--- What the task asks ---
Each line below should be repeated exactly as written, with no pictures carried over.
Records to use below:
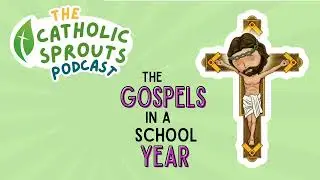 CS Gospel Day 54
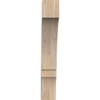 Ekena Millwork - BRC04X14X22BOA00SDF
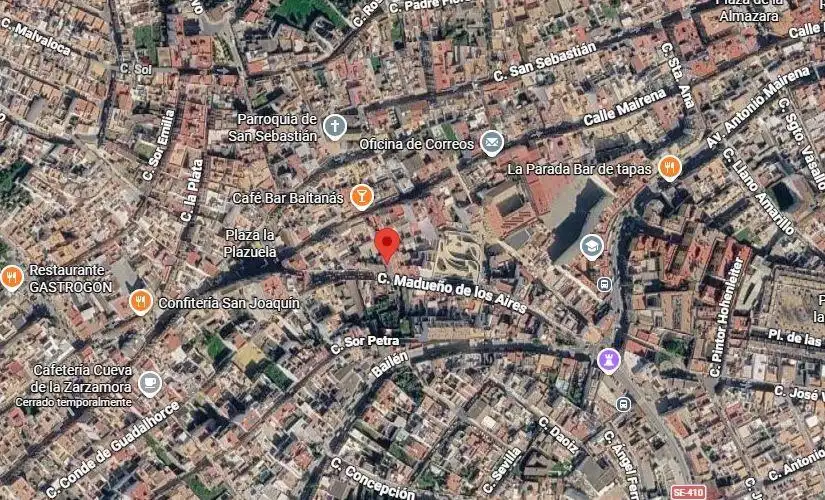 Flat with lift for sale in Centro, imagen 2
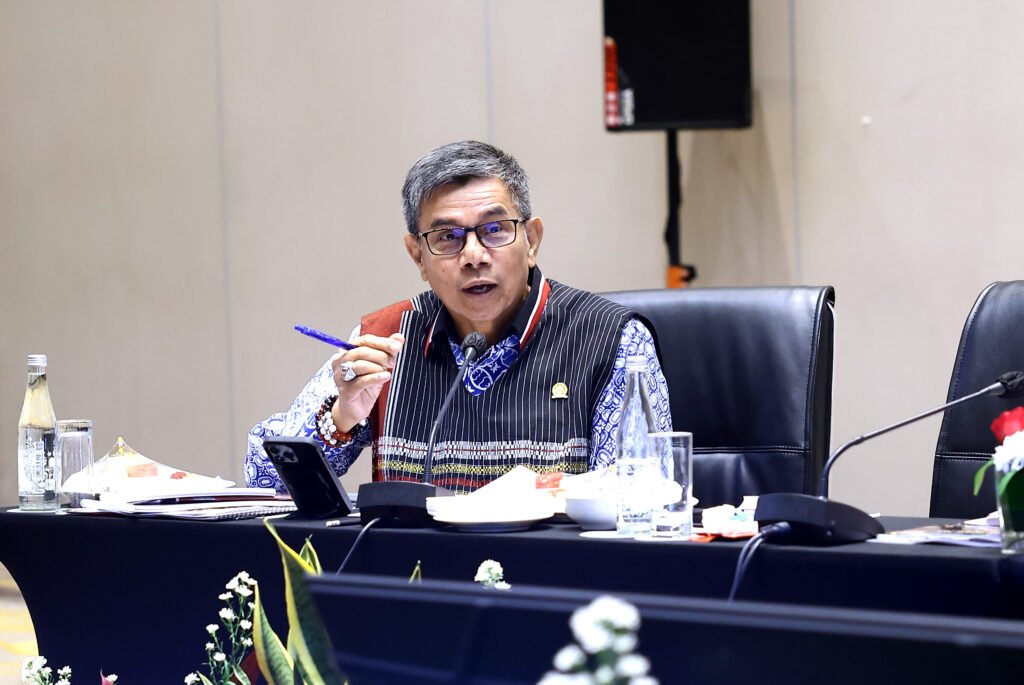 Hinca: Aparat Perlu Adaptasi dengan KUHAP Baru, Aturan Pelaksanaan Harus Diperkuat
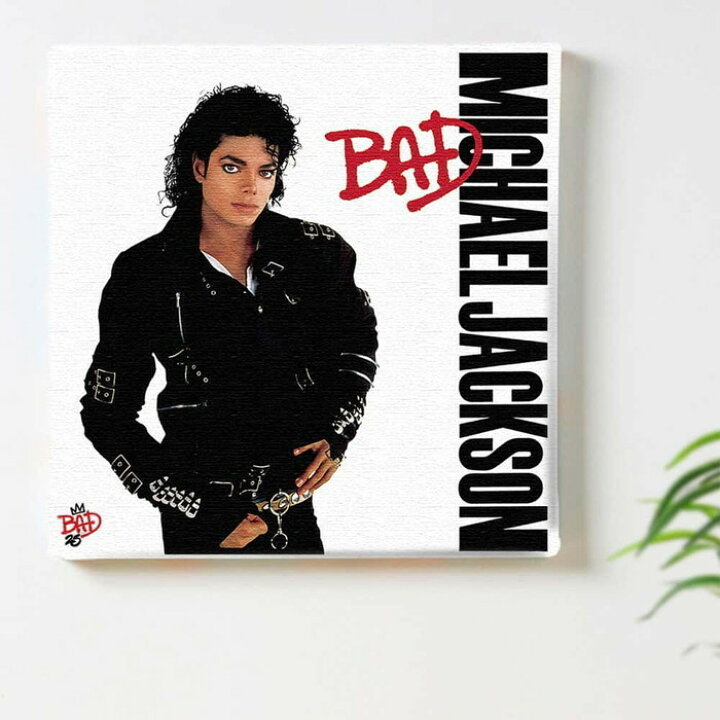 楽天市場】マイケル ジャクソン Michael Jackson アートパネル  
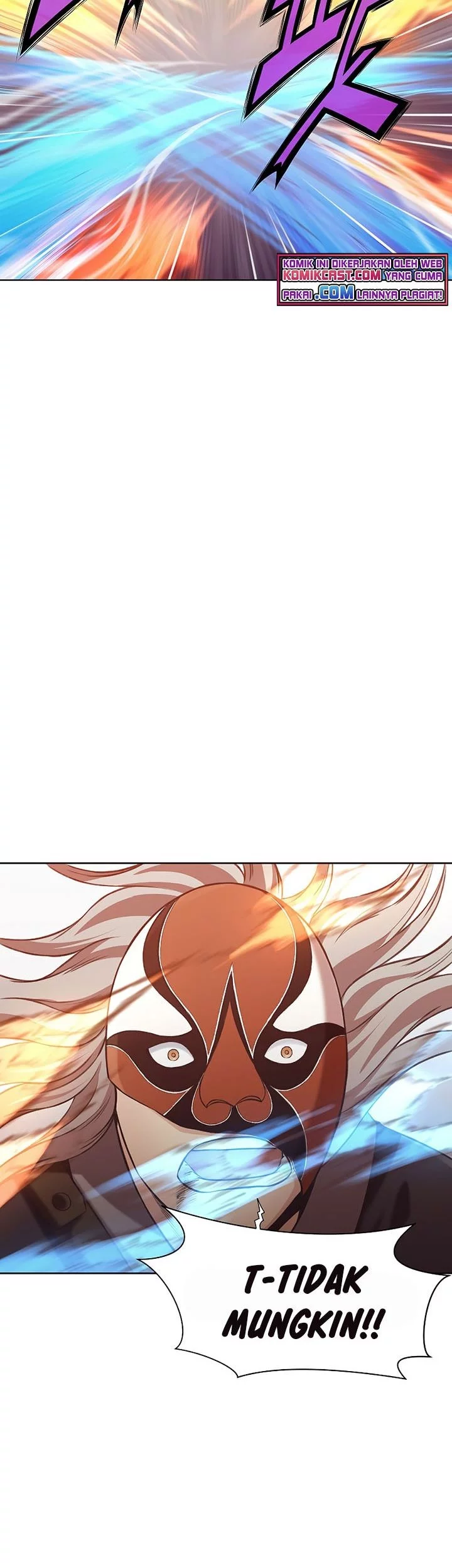 Heavenly Martial God Chapter 30 Gambar 34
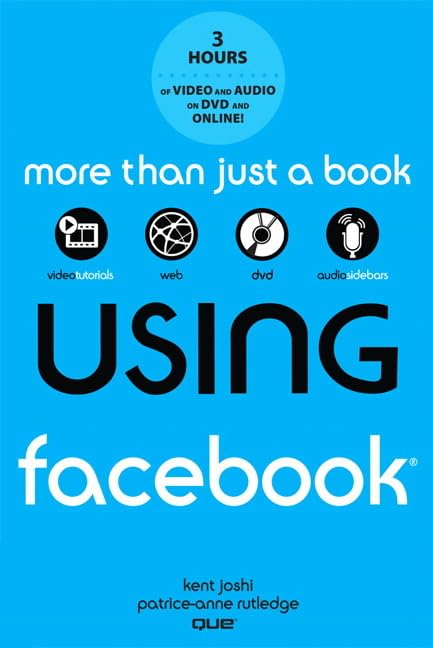 Using Facebook,Used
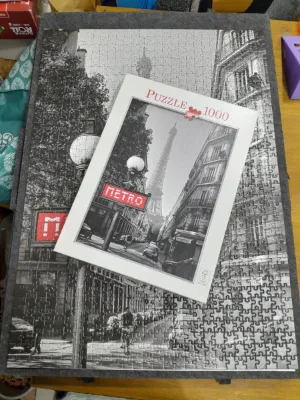 Paris, photo 2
End of Records to use.
--- Response to this task ---
 CS Gospel Day 54
 Ekena Millwork - BRC04X14X22BOA00SDF
 Flat with lift for sale in Centro, imagen 2
 Hinca: Aparat Perlu Adaptasi dengan KUHAP Baru, Aturan Pelaksanaan Harus Diperkuat
 楽天市場】マイケル ジャクソン Michael Jackson アートパネル  
 Heavenly Martial God Chapter 30 Gambar 34
 Using Facebook,Used
 Paris, photo 2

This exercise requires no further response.